In a particularly brazen display of indifference, Britain's useless, clueless government has declared this week to be Refugee Week, celebrating, quote, "the contributions, creativity and resilience of refugees and people seeking sanctuary," end quote.
This, while illegal aliens—oh, I beg your pardon: "refugees"—from Africa and the Middle East are being helped ashore by so-called Border Control Officers after crossing the English Channel in rubber dinghies.
And yes, we're getting them, too. For years now, illegals from Sub-Saharan Africa have been among those apprehended at our southern border. Presumably they are crossing the border in even greater numbers now, although since the new administration well-nigh halted apprehensions, it's hard to know.
That will be the foremost topic through the middle and later decades of this century. Not tariffs, or alliances, or the Irish Question: demographics. Not Who We Are, but who we are being transformed into by mass uncontrolled immigration.
If pictures of the G-7 summit survive to be seen by our grandchildren, they will wonder what the hell we thought we were doing while the shape of the world shifted under our feet.
09—Miscellany.
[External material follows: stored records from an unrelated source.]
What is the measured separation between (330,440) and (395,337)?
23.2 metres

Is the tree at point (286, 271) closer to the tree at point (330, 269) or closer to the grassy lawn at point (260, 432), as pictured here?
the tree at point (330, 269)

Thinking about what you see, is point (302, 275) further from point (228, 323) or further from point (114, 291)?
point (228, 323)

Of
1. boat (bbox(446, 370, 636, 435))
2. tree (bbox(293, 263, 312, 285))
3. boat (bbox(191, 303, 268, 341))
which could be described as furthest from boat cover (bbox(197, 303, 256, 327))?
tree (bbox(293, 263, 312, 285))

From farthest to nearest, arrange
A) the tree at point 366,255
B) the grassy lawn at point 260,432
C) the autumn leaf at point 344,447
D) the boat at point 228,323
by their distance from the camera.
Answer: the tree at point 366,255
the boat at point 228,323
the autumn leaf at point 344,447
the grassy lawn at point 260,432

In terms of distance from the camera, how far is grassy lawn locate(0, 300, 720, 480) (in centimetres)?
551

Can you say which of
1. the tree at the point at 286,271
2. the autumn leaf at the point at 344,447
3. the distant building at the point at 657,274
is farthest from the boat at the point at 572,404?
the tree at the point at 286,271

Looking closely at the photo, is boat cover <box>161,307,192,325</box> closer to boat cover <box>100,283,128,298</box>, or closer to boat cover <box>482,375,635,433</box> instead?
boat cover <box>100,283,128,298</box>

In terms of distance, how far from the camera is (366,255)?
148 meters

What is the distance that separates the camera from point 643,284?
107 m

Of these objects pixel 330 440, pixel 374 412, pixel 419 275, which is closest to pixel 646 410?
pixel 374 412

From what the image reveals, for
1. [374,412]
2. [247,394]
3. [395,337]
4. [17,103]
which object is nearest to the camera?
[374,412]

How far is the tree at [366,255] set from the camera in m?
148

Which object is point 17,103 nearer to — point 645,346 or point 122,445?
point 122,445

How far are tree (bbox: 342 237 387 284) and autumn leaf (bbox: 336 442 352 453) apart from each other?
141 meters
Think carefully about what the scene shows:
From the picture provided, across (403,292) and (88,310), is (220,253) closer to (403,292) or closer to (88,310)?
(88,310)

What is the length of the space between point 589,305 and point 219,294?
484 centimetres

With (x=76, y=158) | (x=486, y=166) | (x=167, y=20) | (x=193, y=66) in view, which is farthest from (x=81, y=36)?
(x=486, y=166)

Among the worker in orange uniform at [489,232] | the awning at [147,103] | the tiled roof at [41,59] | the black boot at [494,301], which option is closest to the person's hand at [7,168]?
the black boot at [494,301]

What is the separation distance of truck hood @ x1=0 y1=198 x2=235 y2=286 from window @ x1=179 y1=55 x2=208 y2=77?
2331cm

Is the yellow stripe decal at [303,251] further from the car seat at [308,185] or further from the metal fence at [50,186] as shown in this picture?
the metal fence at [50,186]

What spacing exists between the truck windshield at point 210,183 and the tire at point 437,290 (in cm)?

And now, our closing miscellany of brief items.
Actually, make that "item," singular. I am over my time limit, so I can only offer you one, for the sake of continuity.
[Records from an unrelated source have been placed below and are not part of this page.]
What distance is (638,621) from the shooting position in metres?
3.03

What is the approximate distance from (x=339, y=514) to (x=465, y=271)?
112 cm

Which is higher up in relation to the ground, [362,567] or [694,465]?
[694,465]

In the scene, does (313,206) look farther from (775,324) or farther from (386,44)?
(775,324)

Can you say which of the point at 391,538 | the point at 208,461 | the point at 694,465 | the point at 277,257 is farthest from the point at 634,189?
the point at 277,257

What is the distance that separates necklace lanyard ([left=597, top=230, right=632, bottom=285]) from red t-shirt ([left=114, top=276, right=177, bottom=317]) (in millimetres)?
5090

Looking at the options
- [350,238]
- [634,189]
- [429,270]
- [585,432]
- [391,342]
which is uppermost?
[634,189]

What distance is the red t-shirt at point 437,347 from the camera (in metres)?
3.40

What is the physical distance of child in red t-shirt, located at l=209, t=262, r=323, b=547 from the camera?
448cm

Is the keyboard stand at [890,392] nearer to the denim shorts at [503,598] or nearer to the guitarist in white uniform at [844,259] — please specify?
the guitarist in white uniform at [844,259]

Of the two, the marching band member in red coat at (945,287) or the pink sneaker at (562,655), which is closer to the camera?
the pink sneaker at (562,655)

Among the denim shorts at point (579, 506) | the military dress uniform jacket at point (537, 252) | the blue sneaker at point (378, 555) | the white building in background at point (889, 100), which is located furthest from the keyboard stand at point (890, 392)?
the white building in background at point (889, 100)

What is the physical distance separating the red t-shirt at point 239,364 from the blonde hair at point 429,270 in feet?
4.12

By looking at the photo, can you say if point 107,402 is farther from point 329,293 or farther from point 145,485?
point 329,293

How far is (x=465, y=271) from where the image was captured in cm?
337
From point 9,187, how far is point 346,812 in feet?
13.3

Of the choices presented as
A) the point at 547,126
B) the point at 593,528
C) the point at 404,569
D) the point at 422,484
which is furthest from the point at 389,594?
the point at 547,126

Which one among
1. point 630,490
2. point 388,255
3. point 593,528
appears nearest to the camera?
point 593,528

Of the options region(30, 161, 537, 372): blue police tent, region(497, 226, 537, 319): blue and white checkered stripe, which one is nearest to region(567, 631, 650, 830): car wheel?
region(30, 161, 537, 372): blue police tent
Item: In last week's podcast I noted the firing of British journalist Julie Burchill from a supposedly conservative newspaper over there, the Daily Telegraph. Ms Burchill's offense was to have tweeted that Prince Harry and Meghan Darkle missed the opportunity to name their new baby Georgina Floydina.
Well, Ms Burchill has now written an essay of spirited defiance, giving a muscular finger to the woke mob. It is reproduced in the June 14th Daily Mail online.
She spoils the effect somewhat by saying nice things about junkie street criminal George Floyd and wishing the death penalty on Officer Chauvin, who probably did nothing wrong. I like the cut of this lady's jib so much, I'll give her a pass on that.
Julie Burchill has a book coming out in the fall, title Welcome To The Woke Trials. I shall buy a copy.
10—Signoff. There you have it, ladies and gents. Thank you for listening; and you folks there in the Mountain State, Happy West Virginia Day! For them and everyone else: If your Dad is still among us, don't forget Father's Day on Sunday.
Signout music. I am still getting those tiresome complaints from readers of the Radio Derb transcripts that in my selection of signout clips I disproportionally favor hot young female performers.
Once again I must totally deny any appearance bias in these selections. The sole criterion is musical quality. Radio Derb promotes and maintains the highest standards of objectivity and esthetic integrity.
I think foul scorn that these complainers should accuse me of a salacity that is, all too obviously, in their own minds; and I offer the same contempt to those others who sometimes email in to tell me that, because I am married to a Chinese lady, I am afflicted with something called "yellow fever."
Fie on all these small-minded grumblers! Ptui, I spit.
So much for that. Now, to play us out, and restore the elevated intellectual tone for which Radio Derb is world-famous, here is the thrilling final minute of Prokofiev's Third Piano Concerto, the Berlin Philharmonic orchestra with Yuja Wang, right, at the piano.
There will be more from Radio Derb next week.
[Music clip: Yuja Wang, Prokofiev's Third Piano Concerto.]